Pharmacokinetics and Pharmacodynamics
There are two main branches of pharmacology: pharmacodynamics and pharmacokinetics.
The former relates to how a drug (or other substance) impacts the organism that ingests or absorbs it, while the latter focuses on how the organism affects the drug.
So figuring out how taking 162.5mg of aspirin will affect the countless variables that inform the functioning of an average adult body, versus that of an average child or an adult who is suffering from a specific autoimmune disease, is the wheelhouse of pharmacodynamic research.
Pharmakinetics, on the other hand, helps us understand how one’s body might tweak the potency of that aspirin based on how well or not-well (or said another way: how typically or atypically) one’s biological systems metabolize or alter that category of substance, once it’s ingested.
One’s body might also be more or less efficient in terms of distributing a given substance, which means (for instance) a drug that one takes orally and which is absorbed into one’s bloodstream—through which it eventually reaches a specific patch of infected skin on one’s arm—may reach that patch of skin earlier or later, with more or less potency, based on one’s level of cardiovascular health, or based on how effectively one’s liver and kidneys filter one’s blood for those sorts of substances.
These two concepts overlap a bit in terms of what they measure and the consequent knowledge they grant us, but understanding that there’s a push-pull dynamic at play, rather than a mono-directional influence of drug-on-body, makes more evident the incredible complexity of attempting to gauge how any foreign substance will interact with any organism’s (utterly complex) microbiome, which itself consists of a boggling array of interconnected relationships between organisms and systems made up of organisms.

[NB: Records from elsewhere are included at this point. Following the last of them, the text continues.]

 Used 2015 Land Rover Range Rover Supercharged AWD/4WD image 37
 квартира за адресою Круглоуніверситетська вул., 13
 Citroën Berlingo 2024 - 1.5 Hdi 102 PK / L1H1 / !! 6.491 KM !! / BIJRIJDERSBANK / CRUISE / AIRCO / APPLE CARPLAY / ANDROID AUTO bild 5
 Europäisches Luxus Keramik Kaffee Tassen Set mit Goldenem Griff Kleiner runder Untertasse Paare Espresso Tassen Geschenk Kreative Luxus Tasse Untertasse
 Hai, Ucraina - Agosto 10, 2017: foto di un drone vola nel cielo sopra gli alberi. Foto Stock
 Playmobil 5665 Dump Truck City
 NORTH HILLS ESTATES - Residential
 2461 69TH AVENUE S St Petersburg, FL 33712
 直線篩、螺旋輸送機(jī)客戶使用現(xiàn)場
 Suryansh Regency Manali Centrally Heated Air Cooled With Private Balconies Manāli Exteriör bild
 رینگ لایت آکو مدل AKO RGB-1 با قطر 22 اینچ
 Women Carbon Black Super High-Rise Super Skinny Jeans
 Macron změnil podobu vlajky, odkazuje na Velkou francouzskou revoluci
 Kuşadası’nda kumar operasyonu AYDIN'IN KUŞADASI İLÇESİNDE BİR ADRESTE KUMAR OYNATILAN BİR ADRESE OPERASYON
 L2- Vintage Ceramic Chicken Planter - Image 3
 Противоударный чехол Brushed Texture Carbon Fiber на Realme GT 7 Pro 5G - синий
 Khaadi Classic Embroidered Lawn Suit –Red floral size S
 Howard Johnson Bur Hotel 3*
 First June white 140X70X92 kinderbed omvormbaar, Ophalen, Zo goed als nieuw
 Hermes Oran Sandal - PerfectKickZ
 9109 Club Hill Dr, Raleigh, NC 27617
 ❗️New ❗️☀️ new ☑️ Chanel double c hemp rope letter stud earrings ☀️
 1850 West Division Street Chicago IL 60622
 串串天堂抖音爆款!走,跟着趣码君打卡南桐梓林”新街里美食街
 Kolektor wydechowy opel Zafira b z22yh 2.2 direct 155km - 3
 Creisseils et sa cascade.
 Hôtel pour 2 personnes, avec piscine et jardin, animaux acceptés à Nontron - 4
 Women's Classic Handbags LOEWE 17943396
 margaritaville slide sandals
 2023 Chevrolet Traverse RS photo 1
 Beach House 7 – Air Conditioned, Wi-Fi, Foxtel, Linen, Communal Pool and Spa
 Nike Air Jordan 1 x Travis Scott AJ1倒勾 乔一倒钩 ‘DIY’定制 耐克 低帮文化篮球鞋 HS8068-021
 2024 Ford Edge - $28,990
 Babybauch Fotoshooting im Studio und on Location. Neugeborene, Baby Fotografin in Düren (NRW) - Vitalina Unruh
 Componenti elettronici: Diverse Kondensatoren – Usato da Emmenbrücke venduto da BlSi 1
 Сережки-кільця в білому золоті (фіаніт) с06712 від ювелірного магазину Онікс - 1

This is part of why clinical trials are so fundamental to the drug-making process.
Even if we know, in a general sense, how most human bodies will respond to a given drug, some drugs have highly variant pharmacological impacts, while others are less-effective on average, but more predictable in how they (generally) interact with human bodies.
It’s possible to externally model some of these effects, and there are complex equations that help drug-makers figure out a range of possibilities in terms of desired and undesired impacts to biological systems, even before they start administering trial test-doses to closely watched subjects.
But because of how unique our bodies are, and how many variables influence the shape and substance and functionality of those bodies moment to moment, it’s an open question as to whether we’ll ever be able to accurately and broadly quantify the effects of drugs on even the majority of people at a useful resolution, which is part of why clinical trials remain a necessary component of the drug-making process, and why that process seems so utterly slow compared to the development and deployment of other new technologies.
This is interesting in part because it can help us understand why even well-tread pharmaceutical territory can be so rife with side-effects and unknowns, and because it can serve as a heuristic for understanding the mechanisms and frameworks that allow us to imperfectly engage with complex (to the point of being chaotic) systems in a manner that results in a remarkable number of positive outcomes, despite all the complexity and gray areas inherent in those systems.